> EXERCISE DETAILS:
Your copy should hold every record exactly and no images.

> RECORDS:
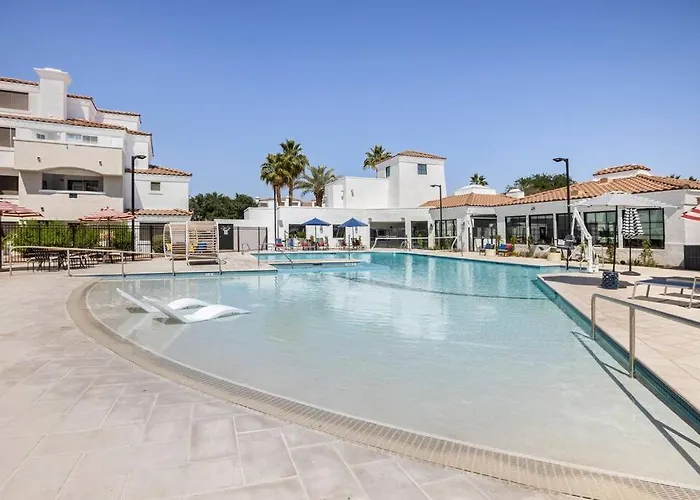 Apartment Hidden Gem In 2 Bed, 2 Bath *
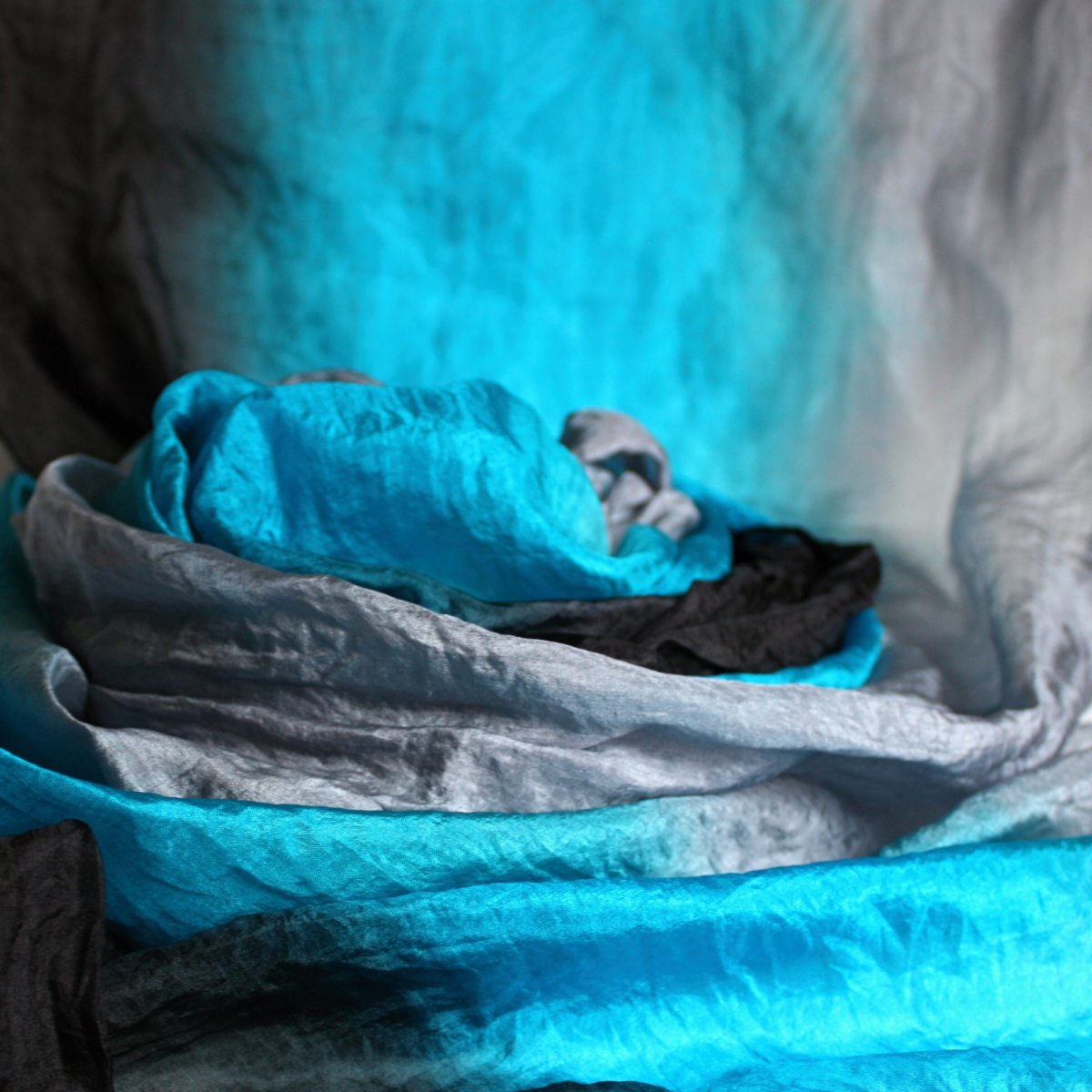 hedvábná šála tyrkysovo-šedo-černý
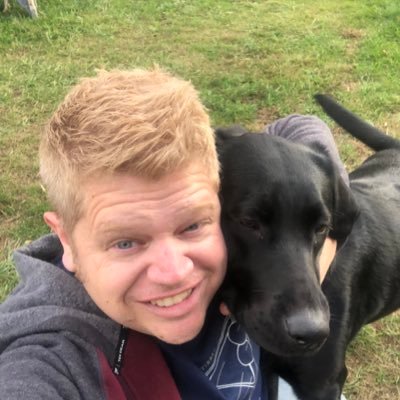 levej012's profile picture. 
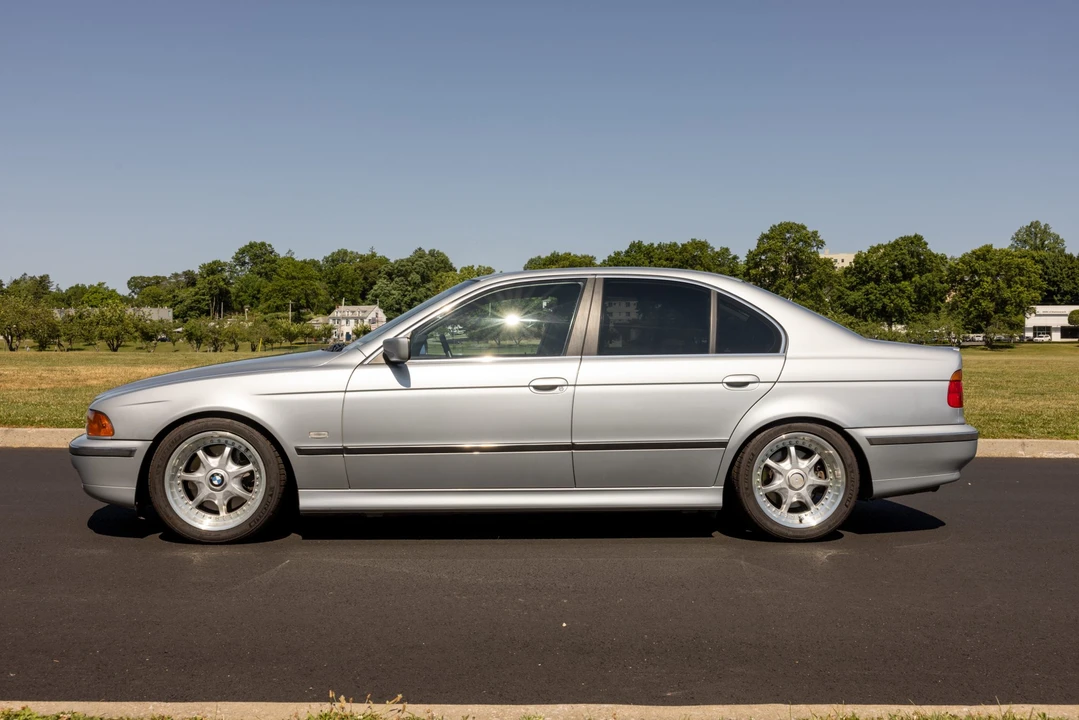 1997 BMW E39 540i - Image 3 of 31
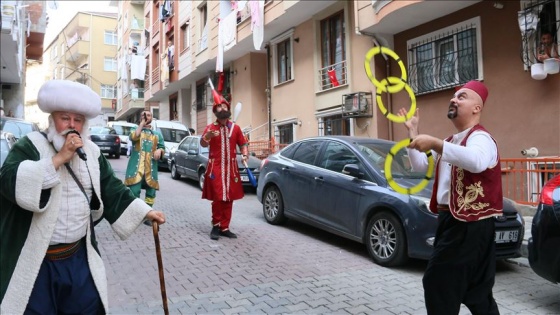 "Evde kal" günlerinde sokaklarda tiyatro yapıyorlar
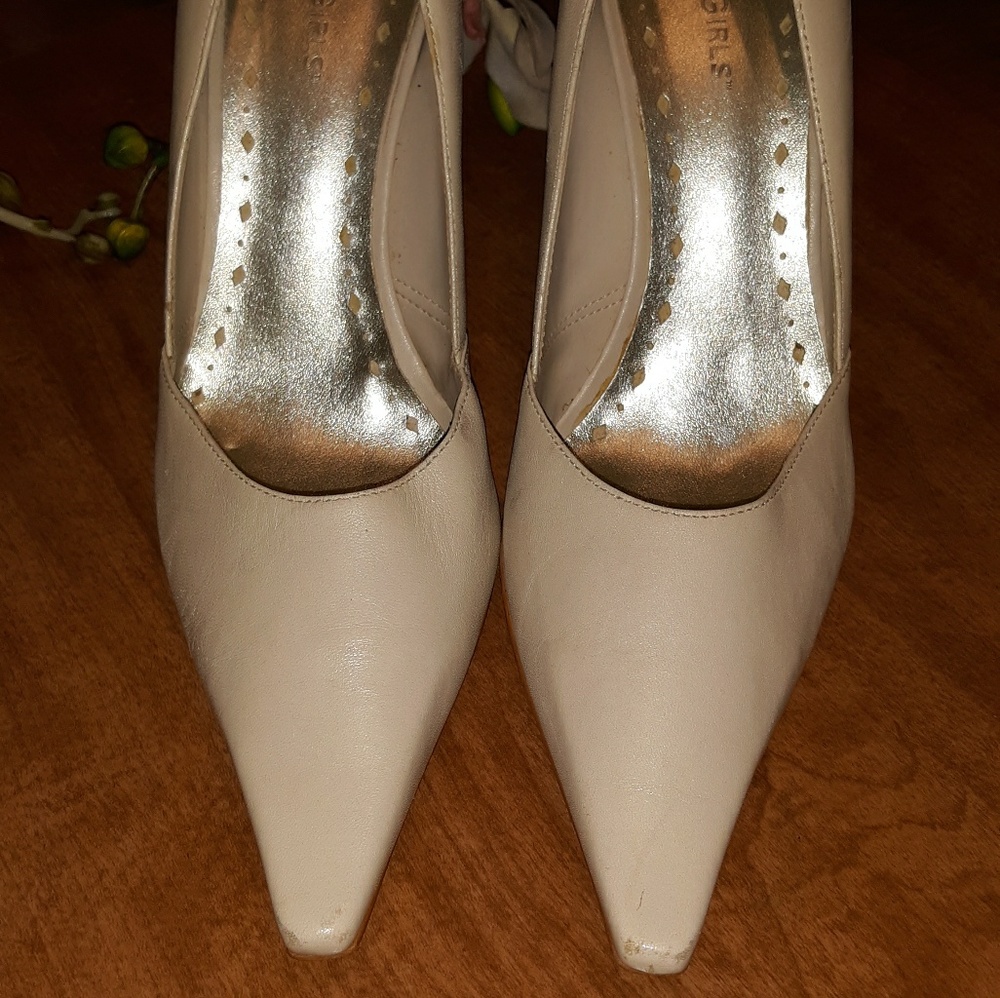 BCBG GIRLS CREAM LEATHER PUMPS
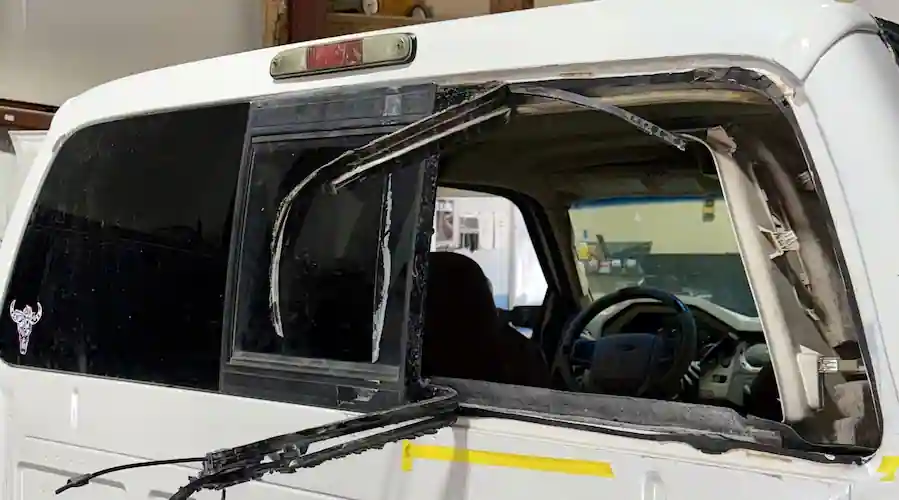 Broken rear power sliding glass on a Ford F-250 in Omaha before replacement at 123 Glass Company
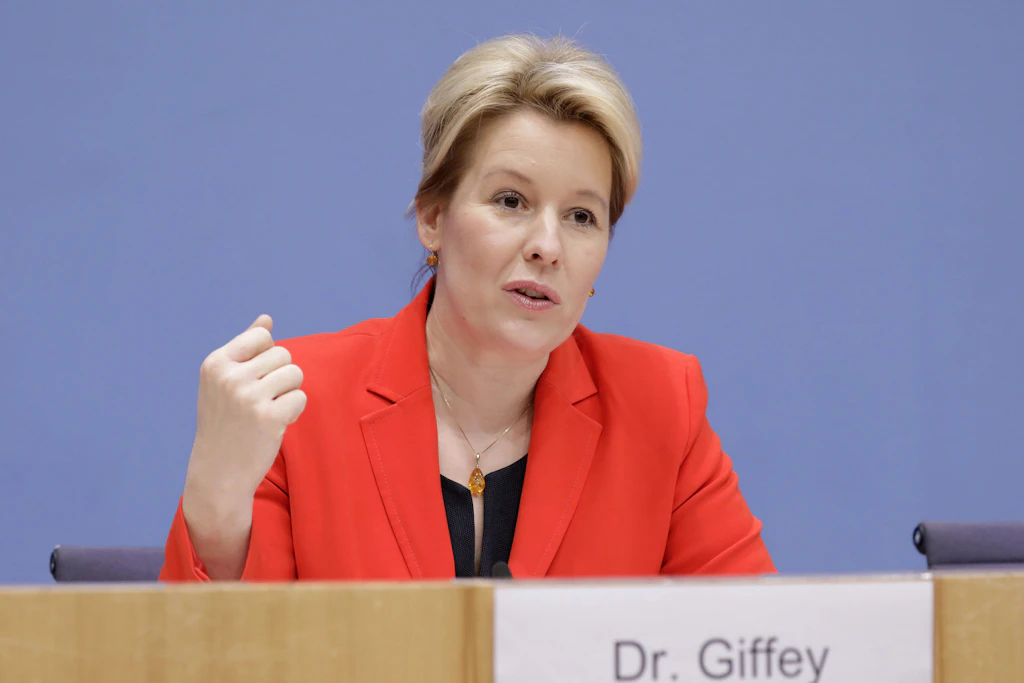 Giffeys Doktorarbeit: Transparenzplattform verklagt FU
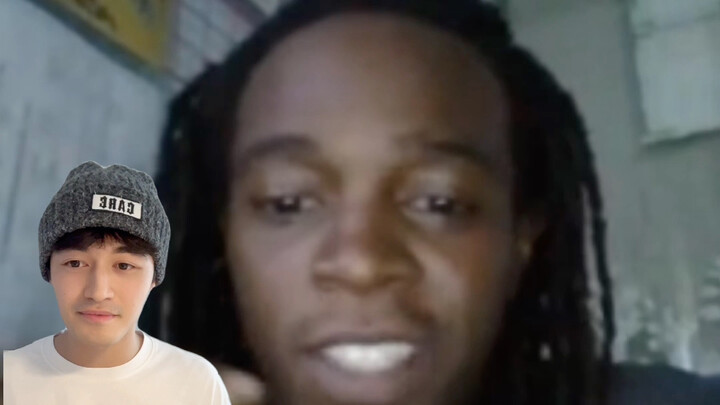 عندما يتظاهر مغني الراب بأنه بريء أمام الأجانب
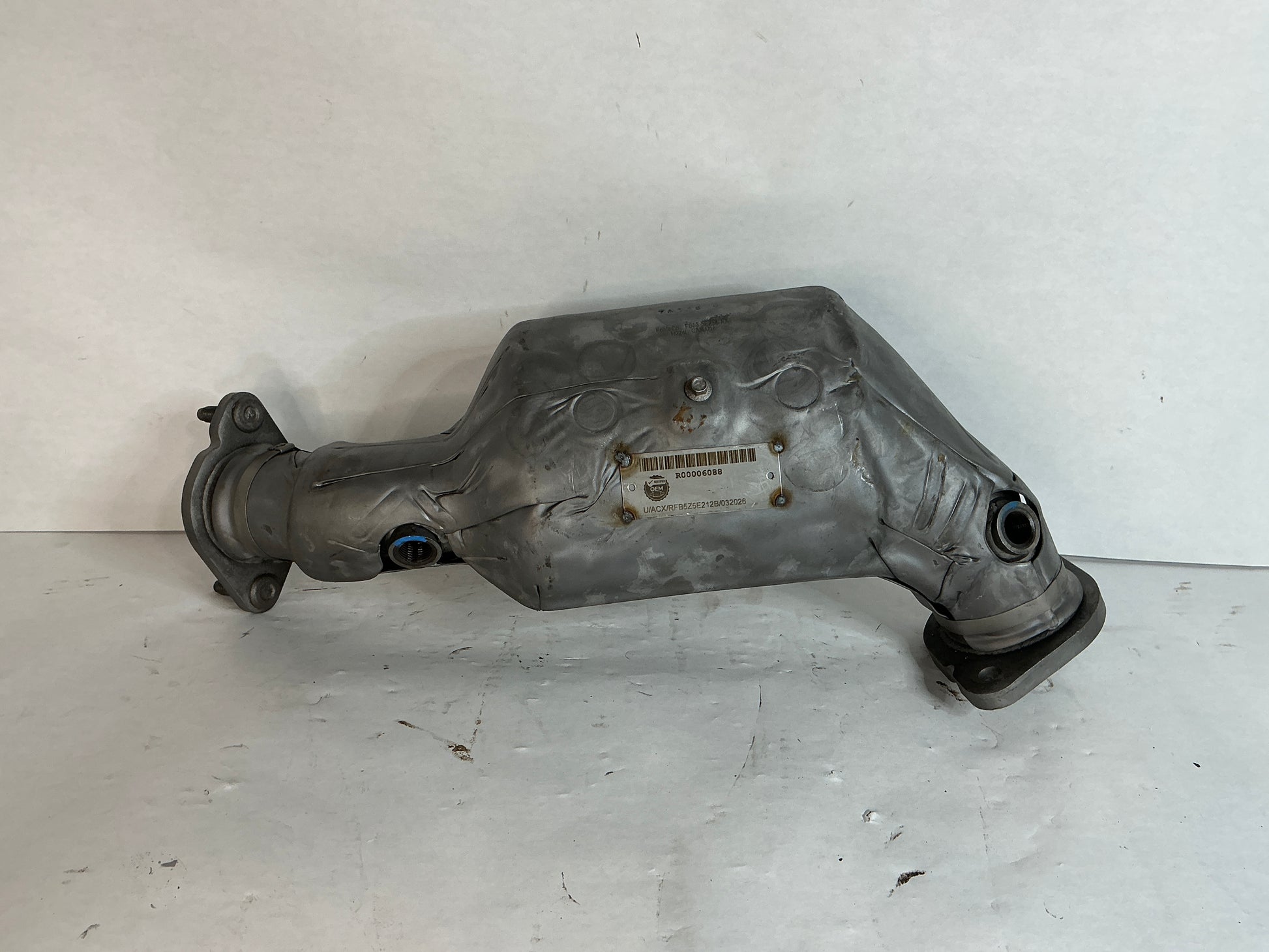 	FB5Z-5E212-B
Other Names:	Converter Assembly
Description:	
2.3L, to 09/06/2017. Explorer. 2.3l. Upper.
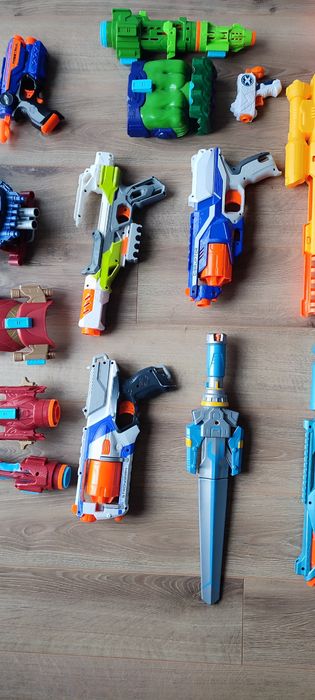 Pistolet NERF pistolety zestaw karabin miecz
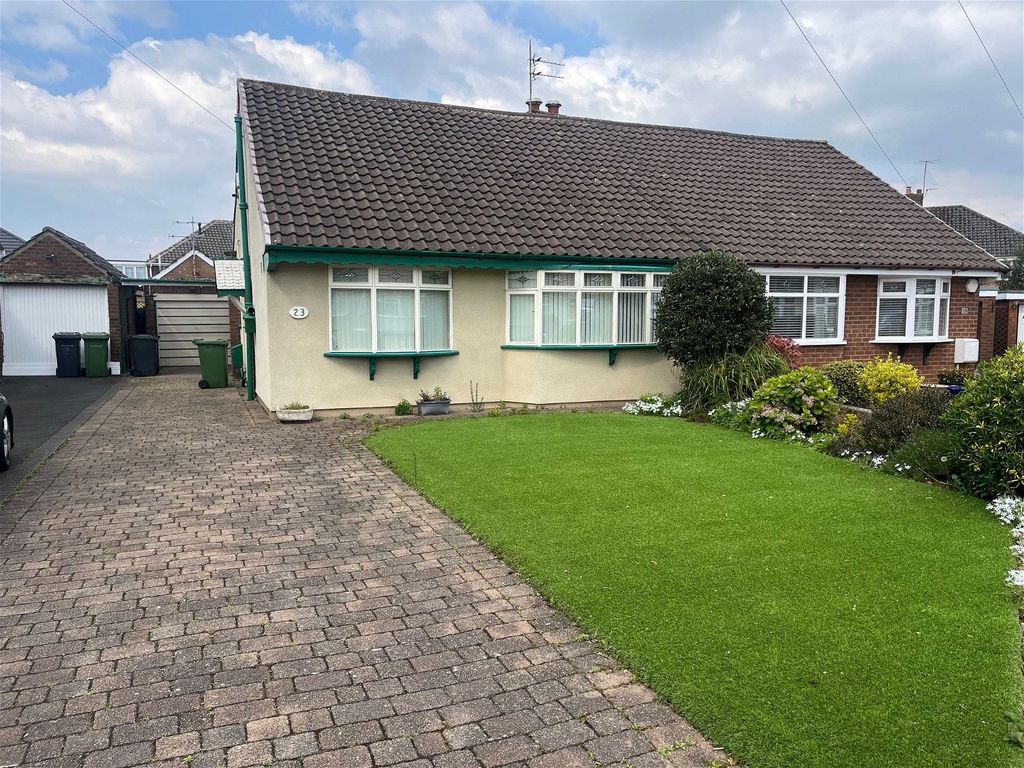2 bed semidetached bungalow for sale in Roedean Close, Maghull, Liverpool L31, £225,000 Zoopla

> REPLY:
 Apartment Hidden Gem In 2 Bed, 2 Bath *
 hedvábná šála tyrkysovo-šedo-černý
 levej012's profile picture. 
 1997 BMW E39 540i - Image 3 of 31
 "Evde kal" günlerinde sokaklarda tiyatro yapıyorlar
 BCBG GIRLS CREAM LEATHER PUMPS
 Broken rear power sliding glass on a Ford F-250 in Omaha before replacement at 123 Glass Company
 Giffeys Doktorarbeit: Transparenzplattform verklagt FU
 عندما يتظاهر مغني الراب بأنه بريء أمام الأجانب
 	FB5Z-5E212-B
Other Names:	Converter Assembly
Description:	
2.3L, to 09/06/2017. Explorer. 2.3l. Upper.
 Pistolet NERF pistolety zestaw karabin miecz
2 bed semidetached bungalow for sale in Roedean Close, Maghull, Liverpool L31, £225,000 Zoopla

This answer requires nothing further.